Updated

World oil prices plunged by 13 percent on Monday to their lowest level for 17 months in the biggest price collapse in a single day since the Gulf War over 10 years ago.

The drop was triggered by growing confidence that the U.S.-led war on terrorism will not crimp precious Middle Eastern oil exports to the West. Fears of a faltering global economy also helped tip prices decisively lower.

Brent crude oil futures last traded in London $3.42 a barrel lower at $22.01, their lowest since April 2000, having touched a session low of $21.70. The largest one-day Brent crude futures fall was by $10.50 when oil fell to $19.70 during the Gulf War in early 1991.

In New York, November light crude shed $3.96 to $22.00 a barrel -- its lowest since November 1999.

Brent dropped on the sixth successive day of downward trading after prices peaked at more than $31 a barrel in the immediate aftermath of the suicide plane attacks in the United States.

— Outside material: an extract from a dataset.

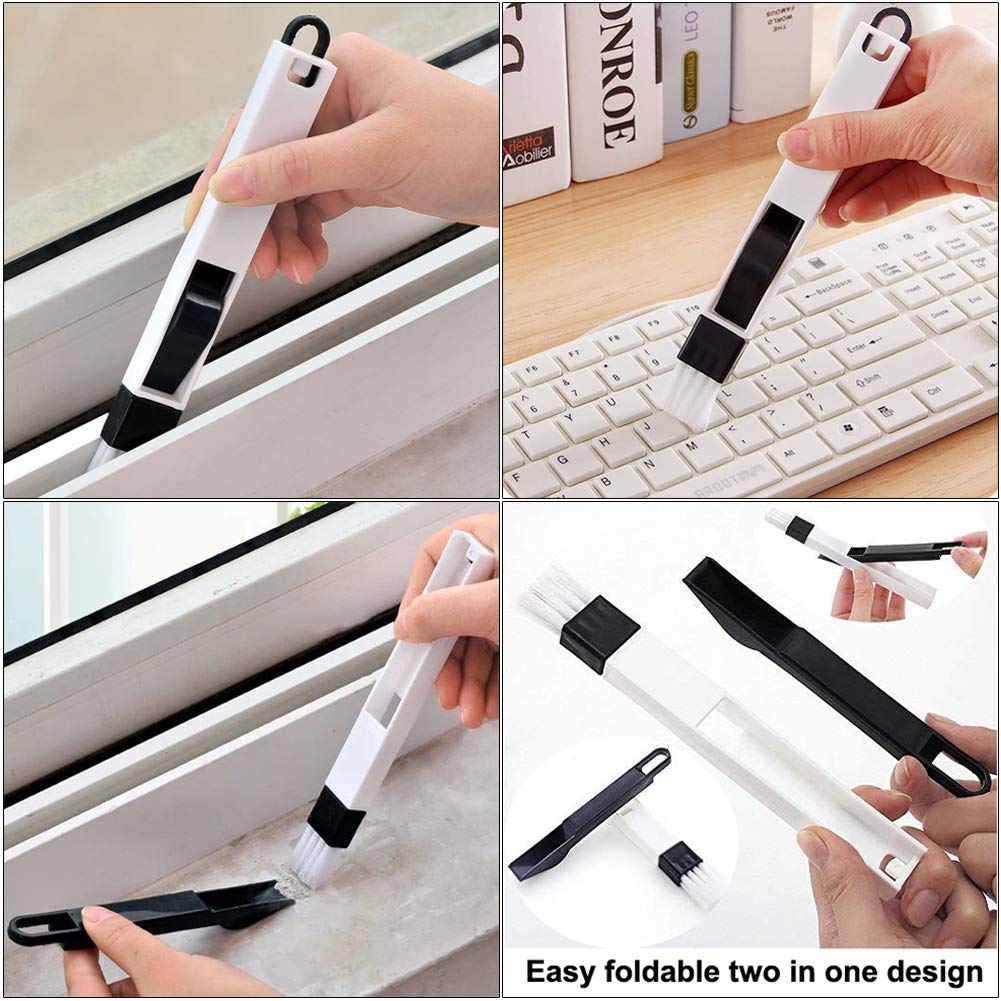 Window Track Cleaning Brush Kit - 5 Pack Multifunctional Handheld Crevice Brush for Blinds, Sliding Doors, Tile Grout, Bottles & Shutters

Dealers sold aggressively on Monday after buying last week on the belief that military action in the Middle East might spread and severely disrupt supplies.

``People took a war position'' believing that oil exporters might get sucked into a wider conflict, said Bob Finch, head of trading at Vitol SA in London. ``But it now looks much more like a more specialist military operation.''

Stock markets edged higher on Monday, but brokers said it was premature to declare oil markets were finding a bottom, especially as the global economic bill for the carnage was still being drawn up.

``The oil market is telling us that there isn't any growth,'' said Peter Gignoux of Schroder Salomon Smith Barney in London.

OPEC MEETS WEDNESDAY

The twin threats of a global recession and a protracted U.S.-led war on terrorism have competed to dominate market psychology.

The prospects for global oil demand growth next year are being steadily revised lower as economists calculate the after-effects of the air attacks.

OPEC producers, meeting in Vienna on Wednesday, look unlikely to change their production ceiling after three cuts already this year, chasing falling demand.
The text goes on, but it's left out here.